# [Instructions for the task]
Nothing below is to be printed except the lines between the line holding "A camel with" and the line holding "Management icon Receptionist", inclusive, each exactly as it appears.

++++++++++

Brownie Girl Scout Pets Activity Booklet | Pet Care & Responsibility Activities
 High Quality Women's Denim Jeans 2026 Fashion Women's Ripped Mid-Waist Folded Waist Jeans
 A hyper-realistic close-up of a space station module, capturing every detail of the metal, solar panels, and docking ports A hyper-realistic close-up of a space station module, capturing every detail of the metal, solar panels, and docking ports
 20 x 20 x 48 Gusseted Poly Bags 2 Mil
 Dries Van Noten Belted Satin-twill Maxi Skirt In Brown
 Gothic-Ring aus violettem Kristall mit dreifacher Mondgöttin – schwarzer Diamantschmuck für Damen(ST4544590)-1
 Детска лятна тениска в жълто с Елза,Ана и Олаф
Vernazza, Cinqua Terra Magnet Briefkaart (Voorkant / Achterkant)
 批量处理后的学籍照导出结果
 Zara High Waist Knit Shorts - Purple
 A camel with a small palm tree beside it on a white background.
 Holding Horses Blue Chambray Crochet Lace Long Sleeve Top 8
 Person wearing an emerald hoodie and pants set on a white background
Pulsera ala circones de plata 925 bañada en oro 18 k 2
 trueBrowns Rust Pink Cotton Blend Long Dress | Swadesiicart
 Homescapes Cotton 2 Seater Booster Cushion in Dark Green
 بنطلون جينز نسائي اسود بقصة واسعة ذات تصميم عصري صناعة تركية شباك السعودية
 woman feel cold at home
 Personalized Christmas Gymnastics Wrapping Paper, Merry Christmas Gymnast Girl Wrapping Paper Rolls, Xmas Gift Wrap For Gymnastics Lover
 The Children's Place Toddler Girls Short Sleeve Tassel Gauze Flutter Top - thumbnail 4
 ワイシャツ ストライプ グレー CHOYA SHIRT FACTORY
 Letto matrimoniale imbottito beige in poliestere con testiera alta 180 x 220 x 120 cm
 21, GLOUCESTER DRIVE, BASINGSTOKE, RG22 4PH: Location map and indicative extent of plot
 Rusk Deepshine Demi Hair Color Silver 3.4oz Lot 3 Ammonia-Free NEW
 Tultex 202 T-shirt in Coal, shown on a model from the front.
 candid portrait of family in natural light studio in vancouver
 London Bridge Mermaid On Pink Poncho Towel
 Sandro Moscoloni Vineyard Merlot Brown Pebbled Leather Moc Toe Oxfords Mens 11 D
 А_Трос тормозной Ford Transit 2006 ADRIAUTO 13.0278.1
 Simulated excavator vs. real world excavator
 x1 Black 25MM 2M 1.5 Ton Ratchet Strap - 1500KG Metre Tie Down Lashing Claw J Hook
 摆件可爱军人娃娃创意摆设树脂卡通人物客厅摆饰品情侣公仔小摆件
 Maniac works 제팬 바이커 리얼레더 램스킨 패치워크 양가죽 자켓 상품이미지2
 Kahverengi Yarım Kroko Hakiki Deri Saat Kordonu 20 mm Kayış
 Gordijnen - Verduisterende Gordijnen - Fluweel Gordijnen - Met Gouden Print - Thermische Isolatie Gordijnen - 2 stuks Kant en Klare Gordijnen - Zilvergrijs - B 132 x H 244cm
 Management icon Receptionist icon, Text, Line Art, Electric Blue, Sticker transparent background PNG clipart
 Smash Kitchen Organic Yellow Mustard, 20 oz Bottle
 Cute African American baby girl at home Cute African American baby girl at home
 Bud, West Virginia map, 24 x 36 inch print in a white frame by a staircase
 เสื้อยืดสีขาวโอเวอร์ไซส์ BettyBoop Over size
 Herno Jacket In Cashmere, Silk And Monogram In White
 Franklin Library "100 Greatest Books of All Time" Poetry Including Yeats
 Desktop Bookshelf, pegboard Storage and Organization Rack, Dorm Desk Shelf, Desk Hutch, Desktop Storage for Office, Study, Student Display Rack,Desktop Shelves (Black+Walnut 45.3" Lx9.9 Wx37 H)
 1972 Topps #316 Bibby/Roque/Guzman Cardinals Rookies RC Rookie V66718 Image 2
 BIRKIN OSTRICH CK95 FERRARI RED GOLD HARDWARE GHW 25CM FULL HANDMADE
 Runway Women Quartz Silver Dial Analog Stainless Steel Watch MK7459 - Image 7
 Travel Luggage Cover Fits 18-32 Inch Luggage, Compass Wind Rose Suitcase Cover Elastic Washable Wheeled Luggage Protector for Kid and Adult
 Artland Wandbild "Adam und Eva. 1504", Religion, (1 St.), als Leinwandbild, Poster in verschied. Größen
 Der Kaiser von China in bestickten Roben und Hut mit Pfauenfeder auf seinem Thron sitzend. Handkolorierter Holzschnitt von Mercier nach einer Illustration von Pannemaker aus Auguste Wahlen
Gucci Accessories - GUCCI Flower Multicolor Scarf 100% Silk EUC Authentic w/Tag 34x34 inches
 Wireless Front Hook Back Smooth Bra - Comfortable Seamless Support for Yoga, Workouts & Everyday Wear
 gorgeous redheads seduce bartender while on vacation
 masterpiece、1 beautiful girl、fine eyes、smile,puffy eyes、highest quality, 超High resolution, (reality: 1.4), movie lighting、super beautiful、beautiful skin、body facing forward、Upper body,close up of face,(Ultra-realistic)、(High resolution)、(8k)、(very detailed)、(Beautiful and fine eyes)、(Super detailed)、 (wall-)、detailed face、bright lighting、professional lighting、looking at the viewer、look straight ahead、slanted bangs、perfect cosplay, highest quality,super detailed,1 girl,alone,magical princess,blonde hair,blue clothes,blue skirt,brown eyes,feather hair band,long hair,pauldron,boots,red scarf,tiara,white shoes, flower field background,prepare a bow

++++++++++

# [Result for this task]
 A camel with a small palm tree beside it on a white background.
 Holding Horses Blue Chambray Crochet Lace Long Sleeve Top 8
 Person wearing an emerald hoodie and pants set on a white background
Pulsera ala circones de plata 925 bañada en oro 18 k 2
 trueBrowns Rust Pink Cotton Blend Long Dress | Swadesiicart
 Homescapes Cotton 2 Seater Booster Cushion in Dark Green
 بنطلون جينز نسائي اسود بقصة واسعة ذات تصميم عصري صناعة تركية شباك السعودية
 woman feel cold at home
 Personalized Christmas Gymnastics Wrapping Paper, Merry Christmas Gymnast Girl Wrapping Paper Rolls, Xmas Gift Wrap For Gymnastics Lover
 The Children's Place Toddler Girls Short Sleeve Tassel Gauze Flutter Top - thumbnail 4
 ワイシャツ ストライプ グレー CHOYA SHIRT FACTORY
 Letto matrimoniale imbottito beige in poliestere con testiera alta 180 x 220 x 120 cm
 21, GLOUCESTER DRIVE, BASINGSTOKE, RG22 4PH: Location map and indicative extent of plot
 Rusk Deepshine Demi Hair Color Silver 3.4oz Lot 3 Ammonia-Free NEW
 Tultex 202 T-shirt in Coal, shown on a model from the front.
 candid portrait of family in natural light studio in vancouver
 London Bridge Mermaid On Pink Poncho Towel
 Sandro Moscoloni Vineyard Merlot Brown Pebbled Leather Moc Toe Oxfords Mens 11 D
 А_Трос тормозной Ford Transit 2006 ADRIAUTO 13.0278.1
 Simulated excavator vs. real world excavator
 x1 Black 25MM 2M 1.5 Ton Ratchet Strap - 1500KG Metre Tie Down Lashing Claw J Hook
 摆件可爱军人娃娃创意摆设树脂卡通人物客厅摆饰品情侣公仔小摆件
 Maniac works 제팬 바이커 리얼레더 램스킨 패치워크 양가죽 자켓 상품이미지2
 Kahverengi Yarım Kroko Hakiki Deri Saat Kordonu 20 mm Kayış
 Gordijnen - Verduisterende Gordijnen - Fluweel Gordijnen - Met Gouden Print - Thermische Isolatie Gordijnen - 2 stuks Kant en Klare Gordijnen - Zilvergrijs - B 132 x H 244cm
 Management icon Receptionist icon, Text, Line Art, Electric Blue, Sticker transparent background PNG clipart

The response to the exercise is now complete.